Porque mesmo antes de contar de onde veio, preciso de te dizer uma coisa que quase ninguém menciona. Depois de António Marcos morreu, um exame de ADN revelou que ele tinha um filho que nunca conheceu, um menino chamado Manuel Marcos, que cresceu sabendo que tinha um pai famoso, que esse pai estava morto e que esse pai nunca soube que ele existia.
Esse é apenas o primeiro segredo. Há mais. Mas antes, se não está inscrito neste canal, se inscreve agora, porque histórias como que, que o tempo quase apagou, são exatamente o que este canal existe para contar. [música] Deixa um like e ativa o sininho e vamos continuar. António Marcos Pensamento da Silva nasceu no dia 8 de novembro de 1945 no bairro de São Miguel Paulista, na zona leste de São Paulo.
O apelido do meio era Pensamento, um nome que parece inventado por um escritor, porque transporta uma carga poética que a vida real raramente tem a coragem de colocar no registo de nascimento de alguém. Em 1945, porém, era apenas mais um rapaz pobre na periferia de São Paulo, numa família operária que sobrevivia com o que dava.

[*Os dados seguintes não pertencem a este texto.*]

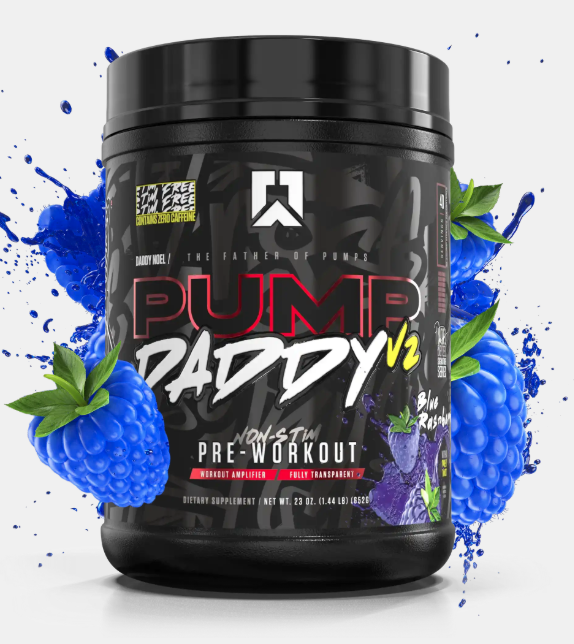 Ryse Pump Daddy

São Miguel Paulista era um bairro de trabalhadores, de fábricas, de gente que acordava cedo e deitava-se tarde. E o menino António tinha uma voz, não era apenas uma voz bonita, era uma voz que parava as pessoas no meio do que estavam fazendo, que tinha textura, que tinha emoção, que dizia coisas que as palavras sozinhas não conseguiam dizer.
Mas voz não paga renda. E depois, antes de [música] qualquer coisa, António Marcos trabalhou. Trabalhou como office-boy, transportando papéis pelos corredores de empresas que não faziam ideia de que estavam a ser servidas por um futuro ídolo nacional. Trabalhou como vendedor de retalho. Trabalhou como balconista numa loja de calçado, medindo pés de desconhecidos [música] dia inteiro, com uma música a tentar sair de dentro dele a cada hora que a inspiração vinha a mente...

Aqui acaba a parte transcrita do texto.